(TASK DATA Opens)
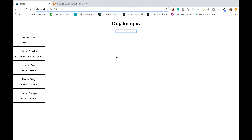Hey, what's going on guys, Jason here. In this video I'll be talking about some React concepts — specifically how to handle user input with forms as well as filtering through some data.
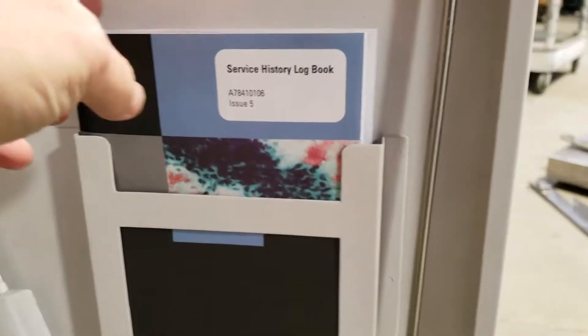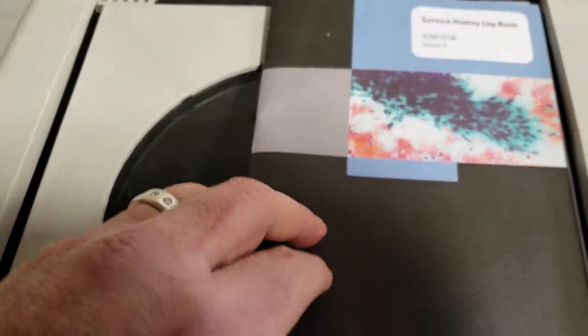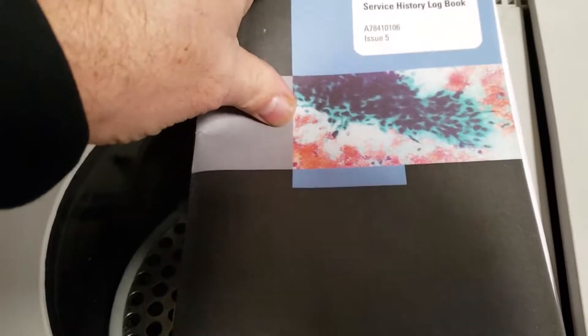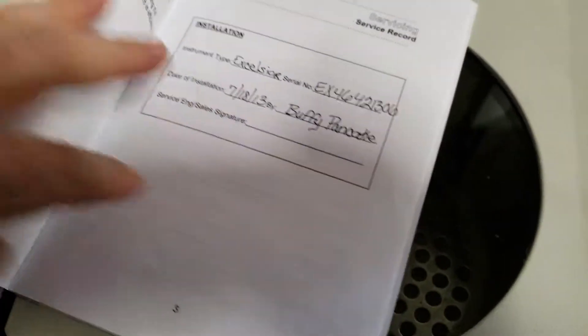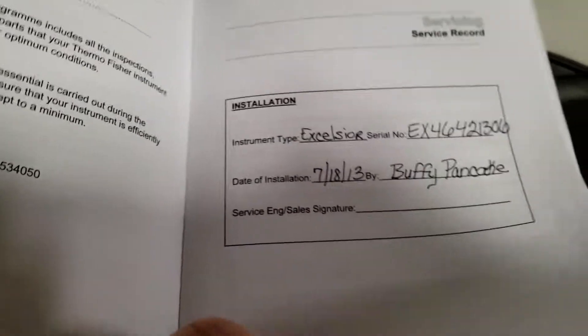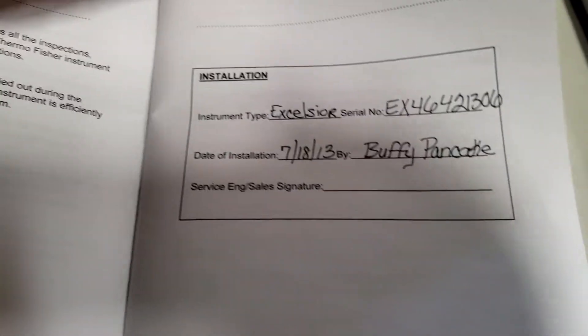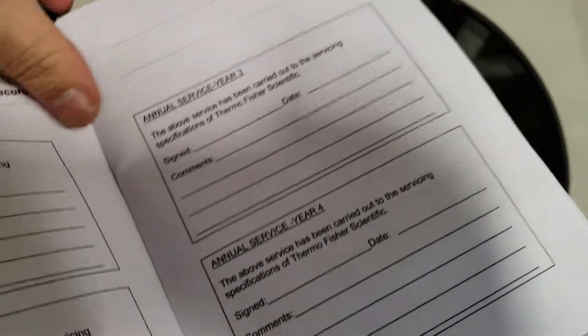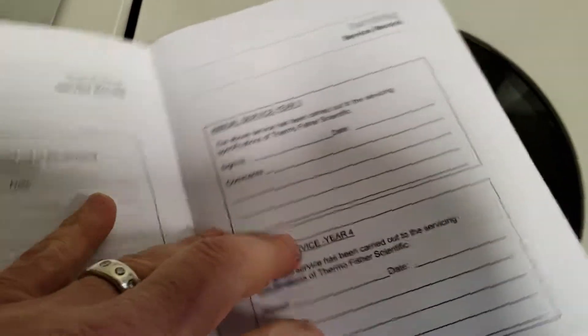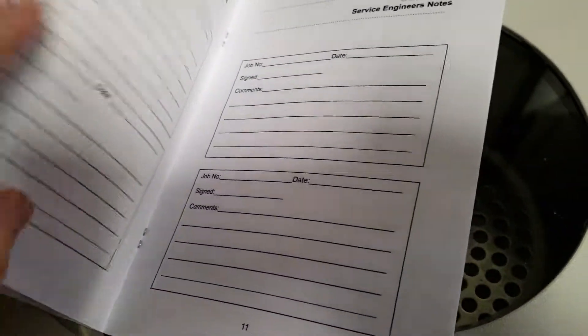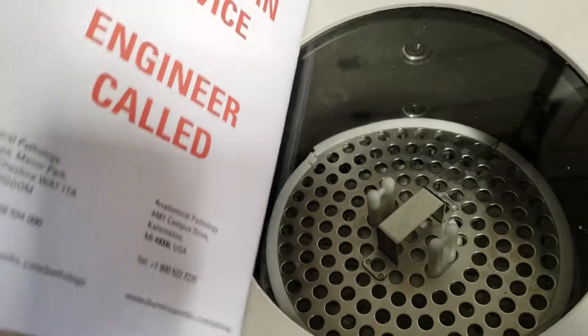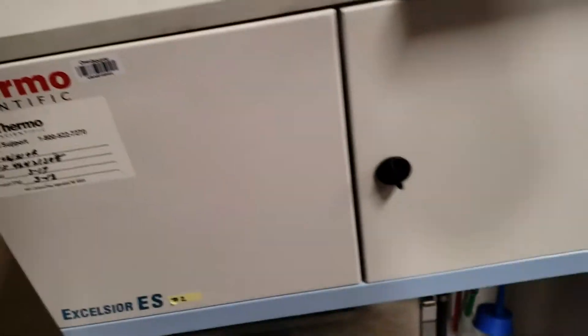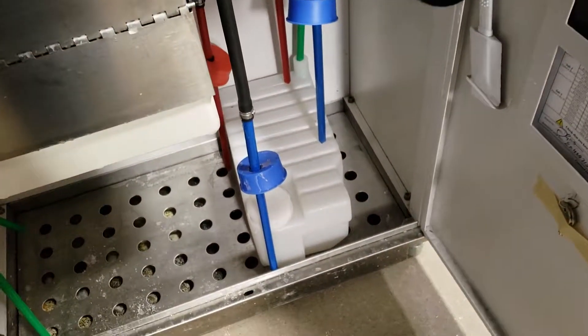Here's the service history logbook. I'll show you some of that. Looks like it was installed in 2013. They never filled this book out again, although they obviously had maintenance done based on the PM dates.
(TASK DATA Closes)
(TASK DATA Opens)
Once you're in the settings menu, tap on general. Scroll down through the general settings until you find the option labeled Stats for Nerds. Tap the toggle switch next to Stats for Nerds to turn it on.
(TASK DATA Closes)
PROBLEM DETAILS :: Starting with the line above that holds "Hey, what's going", restate each line word for word up to and including the line that holds "Here's the service". Drop the pictures.

EXERCISE RESPONSE ::
Hey, what's going on guys, Jason here. In this video I'll be talking about some React concepts — specifically how to handle user input with forms as well as filtering through some data.
Here's the service history logbook. I'll show you some of that. Looks like it was installed in 2013. They never filled this book out again, although they obviously had maintenance done based on the PM dates.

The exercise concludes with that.